In view of the foregoing, there exists in the related art a need for a general effective tool to enhance the spectral quality by correcting errors before spectral integration, especially in a fast and real-time manner, so that subsequent spectral data interpretation is improved.

SUMMARY

The following presents a simplified summary of the disclosure in order to provide a basic understanding to the reader. This summary is not an extensive overview of the disclosure and it does not identify key/critical elements of the present invention or delineate the scope of the present invention. Its sole purpose is to present some concepts disclosed herein in a simplified form as a prelude to the more detailed description that is presented later.
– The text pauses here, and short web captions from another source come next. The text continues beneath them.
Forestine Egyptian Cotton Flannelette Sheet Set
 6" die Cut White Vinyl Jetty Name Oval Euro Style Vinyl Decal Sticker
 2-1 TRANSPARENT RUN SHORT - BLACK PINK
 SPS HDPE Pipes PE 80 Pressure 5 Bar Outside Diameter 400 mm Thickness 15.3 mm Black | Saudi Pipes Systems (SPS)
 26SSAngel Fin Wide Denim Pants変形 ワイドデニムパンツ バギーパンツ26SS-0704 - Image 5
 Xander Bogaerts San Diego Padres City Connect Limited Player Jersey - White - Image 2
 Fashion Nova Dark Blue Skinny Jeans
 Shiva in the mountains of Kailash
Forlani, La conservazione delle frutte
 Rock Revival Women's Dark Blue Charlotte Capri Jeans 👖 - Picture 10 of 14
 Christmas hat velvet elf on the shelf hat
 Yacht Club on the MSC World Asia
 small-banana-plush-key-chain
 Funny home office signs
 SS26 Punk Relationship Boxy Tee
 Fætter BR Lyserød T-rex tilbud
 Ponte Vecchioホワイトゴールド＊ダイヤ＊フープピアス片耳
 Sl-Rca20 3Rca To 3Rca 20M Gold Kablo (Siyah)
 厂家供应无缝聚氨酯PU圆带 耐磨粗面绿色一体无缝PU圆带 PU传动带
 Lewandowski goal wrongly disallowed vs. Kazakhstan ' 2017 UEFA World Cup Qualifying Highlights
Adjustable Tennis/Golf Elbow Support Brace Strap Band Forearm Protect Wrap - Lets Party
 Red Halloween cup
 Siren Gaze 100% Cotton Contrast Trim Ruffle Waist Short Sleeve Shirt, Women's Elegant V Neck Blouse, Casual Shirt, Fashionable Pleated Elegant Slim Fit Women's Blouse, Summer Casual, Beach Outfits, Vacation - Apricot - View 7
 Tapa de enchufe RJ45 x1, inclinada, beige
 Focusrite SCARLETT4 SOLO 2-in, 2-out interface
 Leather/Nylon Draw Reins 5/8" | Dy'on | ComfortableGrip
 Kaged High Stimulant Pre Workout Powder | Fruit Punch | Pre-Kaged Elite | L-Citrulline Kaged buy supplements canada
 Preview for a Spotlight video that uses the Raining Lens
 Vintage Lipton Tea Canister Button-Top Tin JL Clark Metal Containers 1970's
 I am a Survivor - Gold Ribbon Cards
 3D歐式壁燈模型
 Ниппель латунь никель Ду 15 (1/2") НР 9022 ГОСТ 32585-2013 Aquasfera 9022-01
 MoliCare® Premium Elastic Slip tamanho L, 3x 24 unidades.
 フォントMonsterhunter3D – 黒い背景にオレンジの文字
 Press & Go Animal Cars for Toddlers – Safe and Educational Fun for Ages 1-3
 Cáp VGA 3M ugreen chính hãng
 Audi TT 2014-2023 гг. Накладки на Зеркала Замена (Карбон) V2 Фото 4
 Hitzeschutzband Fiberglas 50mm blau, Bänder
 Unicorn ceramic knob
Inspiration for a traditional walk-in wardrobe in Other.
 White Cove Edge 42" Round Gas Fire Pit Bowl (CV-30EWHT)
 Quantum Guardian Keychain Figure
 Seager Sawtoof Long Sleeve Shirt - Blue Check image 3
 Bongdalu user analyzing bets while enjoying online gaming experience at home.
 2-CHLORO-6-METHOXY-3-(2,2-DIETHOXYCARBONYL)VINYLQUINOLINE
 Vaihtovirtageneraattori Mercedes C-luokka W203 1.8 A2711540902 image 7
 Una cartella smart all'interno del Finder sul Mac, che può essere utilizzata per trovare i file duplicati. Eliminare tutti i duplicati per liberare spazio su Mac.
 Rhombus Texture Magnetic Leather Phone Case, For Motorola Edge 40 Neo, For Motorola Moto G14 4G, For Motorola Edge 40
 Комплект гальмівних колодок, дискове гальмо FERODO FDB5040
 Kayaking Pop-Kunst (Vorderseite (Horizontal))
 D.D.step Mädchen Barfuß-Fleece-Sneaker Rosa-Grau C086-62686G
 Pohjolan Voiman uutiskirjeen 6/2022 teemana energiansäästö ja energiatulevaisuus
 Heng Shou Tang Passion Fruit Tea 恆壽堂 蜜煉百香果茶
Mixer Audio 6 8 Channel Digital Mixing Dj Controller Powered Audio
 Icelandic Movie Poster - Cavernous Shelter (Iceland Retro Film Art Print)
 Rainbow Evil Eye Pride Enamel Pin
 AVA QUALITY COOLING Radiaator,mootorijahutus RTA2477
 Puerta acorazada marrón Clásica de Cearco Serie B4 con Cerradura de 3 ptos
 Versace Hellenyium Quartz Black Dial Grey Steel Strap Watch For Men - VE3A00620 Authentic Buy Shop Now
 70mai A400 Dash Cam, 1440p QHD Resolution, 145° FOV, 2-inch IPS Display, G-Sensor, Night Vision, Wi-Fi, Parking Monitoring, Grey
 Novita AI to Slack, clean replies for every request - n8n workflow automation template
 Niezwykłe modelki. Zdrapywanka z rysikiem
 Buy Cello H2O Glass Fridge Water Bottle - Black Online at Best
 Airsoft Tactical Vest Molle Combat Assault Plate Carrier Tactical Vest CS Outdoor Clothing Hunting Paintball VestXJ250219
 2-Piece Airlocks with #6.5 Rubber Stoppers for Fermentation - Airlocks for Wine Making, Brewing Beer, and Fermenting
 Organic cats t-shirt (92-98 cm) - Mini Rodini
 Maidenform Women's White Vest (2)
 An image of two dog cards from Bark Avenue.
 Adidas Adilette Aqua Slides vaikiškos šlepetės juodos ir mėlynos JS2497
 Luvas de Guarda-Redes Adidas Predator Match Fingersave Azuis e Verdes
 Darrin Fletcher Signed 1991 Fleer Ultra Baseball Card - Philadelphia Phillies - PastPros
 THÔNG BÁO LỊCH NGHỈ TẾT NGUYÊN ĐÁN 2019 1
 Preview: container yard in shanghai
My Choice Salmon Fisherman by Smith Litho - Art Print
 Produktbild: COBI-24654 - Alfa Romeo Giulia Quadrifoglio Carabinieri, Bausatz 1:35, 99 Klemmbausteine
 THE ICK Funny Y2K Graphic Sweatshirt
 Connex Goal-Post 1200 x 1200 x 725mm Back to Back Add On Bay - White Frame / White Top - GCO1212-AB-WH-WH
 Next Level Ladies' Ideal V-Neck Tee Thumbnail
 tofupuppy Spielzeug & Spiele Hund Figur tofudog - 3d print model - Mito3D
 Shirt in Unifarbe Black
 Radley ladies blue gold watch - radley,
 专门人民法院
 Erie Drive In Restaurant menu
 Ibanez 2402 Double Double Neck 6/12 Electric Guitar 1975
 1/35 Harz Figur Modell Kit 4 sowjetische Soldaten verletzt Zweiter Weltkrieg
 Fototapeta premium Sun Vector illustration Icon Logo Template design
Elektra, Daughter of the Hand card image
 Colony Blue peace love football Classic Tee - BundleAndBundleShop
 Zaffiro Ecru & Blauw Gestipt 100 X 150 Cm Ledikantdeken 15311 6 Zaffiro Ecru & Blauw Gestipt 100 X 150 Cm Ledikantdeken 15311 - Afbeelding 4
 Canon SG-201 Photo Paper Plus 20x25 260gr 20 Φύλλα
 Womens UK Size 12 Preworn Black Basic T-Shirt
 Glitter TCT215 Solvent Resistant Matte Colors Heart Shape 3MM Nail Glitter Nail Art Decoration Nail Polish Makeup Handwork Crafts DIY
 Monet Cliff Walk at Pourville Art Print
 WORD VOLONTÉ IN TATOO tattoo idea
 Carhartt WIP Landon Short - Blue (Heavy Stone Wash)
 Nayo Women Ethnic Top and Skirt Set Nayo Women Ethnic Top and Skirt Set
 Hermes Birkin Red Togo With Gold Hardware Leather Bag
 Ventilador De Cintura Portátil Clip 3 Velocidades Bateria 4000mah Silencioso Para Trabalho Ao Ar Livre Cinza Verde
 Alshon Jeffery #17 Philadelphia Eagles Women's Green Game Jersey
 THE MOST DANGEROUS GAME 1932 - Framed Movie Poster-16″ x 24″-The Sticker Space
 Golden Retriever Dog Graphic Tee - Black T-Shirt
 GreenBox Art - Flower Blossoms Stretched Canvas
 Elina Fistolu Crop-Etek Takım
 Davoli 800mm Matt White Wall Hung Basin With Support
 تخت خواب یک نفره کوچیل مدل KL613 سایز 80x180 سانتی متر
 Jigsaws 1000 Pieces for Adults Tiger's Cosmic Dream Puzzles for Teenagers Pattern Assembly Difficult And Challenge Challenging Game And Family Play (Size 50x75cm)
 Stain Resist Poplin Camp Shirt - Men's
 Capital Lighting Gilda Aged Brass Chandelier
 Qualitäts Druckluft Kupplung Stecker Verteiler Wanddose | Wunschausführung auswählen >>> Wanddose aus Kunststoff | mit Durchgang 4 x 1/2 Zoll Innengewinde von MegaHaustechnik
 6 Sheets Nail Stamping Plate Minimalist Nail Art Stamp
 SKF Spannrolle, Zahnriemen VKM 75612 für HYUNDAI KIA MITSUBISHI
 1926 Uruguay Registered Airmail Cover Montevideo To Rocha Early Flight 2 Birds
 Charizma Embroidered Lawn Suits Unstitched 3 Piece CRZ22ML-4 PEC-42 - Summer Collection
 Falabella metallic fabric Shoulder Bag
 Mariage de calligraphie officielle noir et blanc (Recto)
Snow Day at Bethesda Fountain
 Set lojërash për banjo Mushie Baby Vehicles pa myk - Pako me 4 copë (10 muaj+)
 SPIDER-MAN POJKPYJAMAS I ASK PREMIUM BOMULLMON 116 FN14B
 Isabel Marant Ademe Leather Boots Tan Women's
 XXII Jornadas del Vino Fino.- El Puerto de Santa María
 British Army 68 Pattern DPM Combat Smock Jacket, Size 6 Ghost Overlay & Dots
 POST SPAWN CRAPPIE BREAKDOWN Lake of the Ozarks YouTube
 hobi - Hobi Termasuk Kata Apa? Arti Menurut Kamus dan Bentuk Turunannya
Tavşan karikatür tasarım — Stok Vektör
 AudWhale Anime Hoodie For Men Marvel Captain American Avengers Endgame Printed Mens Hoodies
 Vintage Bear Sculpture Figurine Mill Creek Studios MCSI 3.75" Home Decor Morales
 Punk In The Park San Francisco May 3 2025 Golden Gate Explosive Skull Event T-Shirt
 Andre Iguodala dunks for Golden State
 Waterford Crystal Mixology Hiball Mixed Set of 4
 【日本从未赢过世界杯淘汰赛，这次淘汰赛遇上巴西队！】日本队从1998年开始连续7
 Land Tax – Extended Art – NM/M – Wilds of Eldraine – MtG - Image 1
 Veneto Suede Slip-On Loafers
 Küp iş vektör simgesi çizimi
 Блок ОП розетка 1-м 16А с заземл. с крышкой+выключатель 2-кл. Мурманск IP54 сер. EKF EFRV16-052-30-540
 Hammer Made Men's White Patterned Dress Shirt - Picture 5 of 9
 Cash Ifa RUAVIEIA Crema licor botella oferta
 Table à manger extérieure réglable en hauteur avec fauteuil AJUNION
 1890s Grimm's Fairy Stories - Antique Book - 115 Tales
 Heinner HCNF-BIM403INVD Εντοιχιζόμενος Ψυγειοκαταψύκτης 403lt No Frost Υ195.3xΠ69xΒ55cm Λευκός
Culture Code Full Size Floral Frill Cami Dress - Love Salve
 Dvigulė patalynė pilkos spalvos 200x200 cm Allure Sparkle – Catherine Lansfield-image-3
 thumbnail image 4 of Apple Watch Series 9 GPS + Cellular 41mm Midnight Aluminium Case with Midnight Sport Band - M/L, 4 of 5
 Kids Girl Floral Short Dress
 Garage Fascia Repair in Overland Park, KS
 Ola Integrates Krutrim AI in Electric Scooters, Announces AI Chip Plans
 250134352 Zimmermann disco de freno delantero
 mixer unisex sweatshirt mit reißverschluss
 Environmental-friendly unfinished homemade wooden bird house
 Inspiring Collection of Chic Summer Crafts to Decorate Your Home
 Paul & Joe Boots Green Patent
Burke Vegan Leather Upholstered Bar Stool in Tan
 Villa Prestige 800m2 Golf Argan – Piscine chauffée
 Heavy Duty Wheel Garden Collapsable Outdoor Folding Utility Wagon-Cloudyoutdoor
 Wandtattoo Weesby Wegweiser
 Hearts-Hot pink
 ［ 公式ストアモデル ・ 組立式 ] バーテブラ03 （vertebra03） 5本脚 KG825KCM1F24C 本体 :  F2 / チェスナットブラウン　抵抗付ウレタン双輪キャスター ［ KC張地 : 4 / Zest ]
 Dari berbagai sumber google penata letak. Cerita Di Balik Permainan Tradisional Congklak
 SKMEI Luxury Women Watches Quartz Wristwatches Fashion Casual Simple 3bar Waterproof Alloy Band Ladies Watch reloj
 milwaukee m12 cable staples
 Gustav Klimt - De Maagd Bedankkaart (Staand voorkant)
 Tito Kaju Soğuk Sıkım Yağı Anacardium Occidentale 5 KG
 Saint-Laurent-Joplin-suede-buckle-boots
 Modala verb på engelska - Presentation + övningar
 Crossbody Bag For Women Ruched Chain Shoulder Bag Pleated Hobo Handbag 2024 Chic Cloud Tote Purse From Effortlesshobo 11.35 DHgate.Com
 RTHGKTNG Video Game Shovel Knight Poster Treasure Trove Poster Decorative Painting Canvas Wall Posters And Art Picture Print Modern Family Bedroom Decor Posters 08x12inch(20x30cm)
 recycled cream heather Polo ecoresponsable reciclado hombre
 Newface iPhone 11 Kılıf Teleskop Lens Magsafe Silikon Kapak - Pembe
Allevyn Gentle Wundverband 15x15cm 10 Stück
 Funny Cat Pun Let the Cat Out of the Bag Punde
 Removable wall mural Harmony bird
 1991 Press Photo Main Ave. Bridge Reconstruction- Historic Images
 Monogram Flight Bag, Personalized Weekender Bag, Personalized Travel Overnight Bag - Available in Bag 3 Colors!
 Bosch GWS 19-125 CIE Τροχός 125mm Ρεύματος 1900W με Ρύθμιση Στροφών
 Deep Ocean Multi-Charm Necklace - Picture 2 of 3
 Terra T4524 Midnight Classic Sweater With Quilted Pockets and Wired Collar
The present disclosure aims at providing a dynamic data correction (DDC) method and an apparatus for carrying out such method, so that errors are reduced and a high-resolution and high-quality spectrum is generated. This method is different from other data correction methods that only conduct the correction after the integrated data sets are saved (also known as an off-line correction approach). The DDC method can be performed in high speed because the correction only applies locally to the data points close to peaks, instead of to the entire spectrum as most correction methods do. This approach allows the DDC method to perform high-speed real-time data correction by analyzing every single acquisition event. This unique feature is not achievable with other conventional data correction methods.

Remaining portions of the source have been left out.